Even after BOTH of my large post the lady or gentleman is still assuming on the training and my skills. They are just a late bloomer. Its Okay
As for the training, now that everyone has raised there blood pressure and you are the *first to ask*, No I am not the trainer of this dog! I was merly given the OK to buy the dog as my own. The department has agreed to have it evaluated and trained if the trainer deems him fit. The trainer trains State police and local police dogs. In exchange, I the owner of the dog, lease him to the city for $1.00 a year. So he will always be mine but being that he is leased it covers the insurance issue and all the other legal BS that goes along with it. If the trainer does not deem him worthy then I have a new best friend. I was going to buy another GSD anyway so everything worked out. After the grants and donations the city is spending very little. Its a win win for both of us!! 
I hope this answers you questions and puts you at ease. Mark my words. I will prove a point when someone else makes another **** post about this and it will be obvious they didnt read this particular post!


----------



## Jax08

gewaltiger Sturm said:


> Thank you!
> 
> 
> As for the training, now that everyone has raised there blood pressure and you are the *first to ask*, No I am not the trainer of this dog! I was merly given the OK to buy the dog as my own. The department has agreed to have it evaluated and trained if the trainer deems him fit. The trainer trains State police and local police dogs. In exchange, I the owner of the dog, lease him to the city for $1.00 a year. So he will always be mine but being that he is leased it covers the insurance issue and all the other legal BS that goes along with it. If the trainer does not deem him worthy then I have a new best friend. I was going to buy another GSD anyway so everything worked out. After the grants and donations the city is spending very little. Its a win win for both of us!!
> !


Now that you have explained all that we can suggest a vest. See..that wasn't so hard...was it? :rofl:


----------



## sparra

Well I stand by what I said. I wasn't personally attacking you or questioning if you were indeed a police officer...simply questioning the way in which a potential police k-9 can be trained by a person who has admitted that he needs to brush up on his skills when it comes to handling young puppies.
You did not ask for advice in this thread but you have in others.
Your way just wouldn't happen here in Australia that is all......nothing more...nothing less...Good Luck

Oh and I am posting now cause I am 14hrs "behind" and have to catch up!!!!!


----------



## gewaltiger Sturm

Jax08 said:


> Now that you have explained all that we can suggest a vest. See..that wasn't so hard...was it? :rofl:


No one ever asked! They all just assumed what they wanted to so I figured I would just sit back and see where it went.


----------



## Mrs.K

sparra said:


> Well I stand by what I said. I wasn't personally attacking you or questioning if you were indeed a police officer...simply questioning the way in which a potential police k-9 can be trained by a person who has admitted that he needs to brush up on his skills when it comes to handling young puppies.
> You did not ask for advice in this thread but you have in others.
> Your way just wouldn't happen here in Australia that is all......nothing more...nothing less...Good Luck
> 
> Oh and I am posting now cause I am 14hrs "behind" and have to catch up!!!!!

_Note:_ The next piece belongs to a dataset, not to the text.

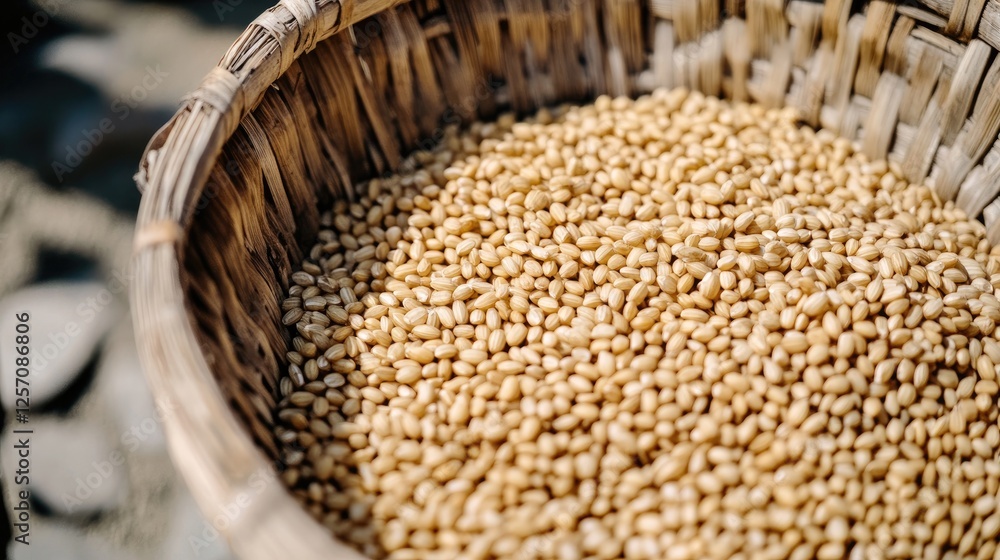 A close-up of freshly harvested Japanese rice grains in a traditional woven basket. A close-up of freshly harvested Japanese rice grains in a traditional woven basket.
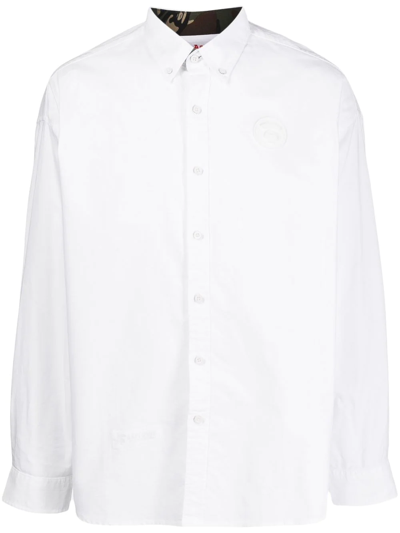 Aape By A Bathing Ape Logo-patch Button-up Shirt In Weiss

It wouldn't work in Germany either, but it's not Germany, it's not Australia, it's the US. Things go a _*liiiittttle *__*different *_over here. I've learned that quickly.


----------



## msvette2u

Jax08 said:


> Now that you have explained all that we can suggest a vest. See..that wasn't so hard...was it? :rofl:





Um. 



> As for the training, now that everyone has raised there blood pressure and you are the first to ask, No I am not the trainer of this dog!


I asked pages ago!

And what does your trainer say about him interacting with the public now (at his current age)?

Yes that would have ticked me off about someone pushing my dog's butt down but I would have simply stepped in front of my puppy, or pulled the puppy away (if I had to). And told them, "That is not how you teach a dog to SIT", then proceed to show them the right way.

I explain this very thing to adopters probably every single adoption. Or if they haven't pushed the dog's butt down I show them the right way and explain how dogs push away from being pushed, and it's pointless to push it's butt down.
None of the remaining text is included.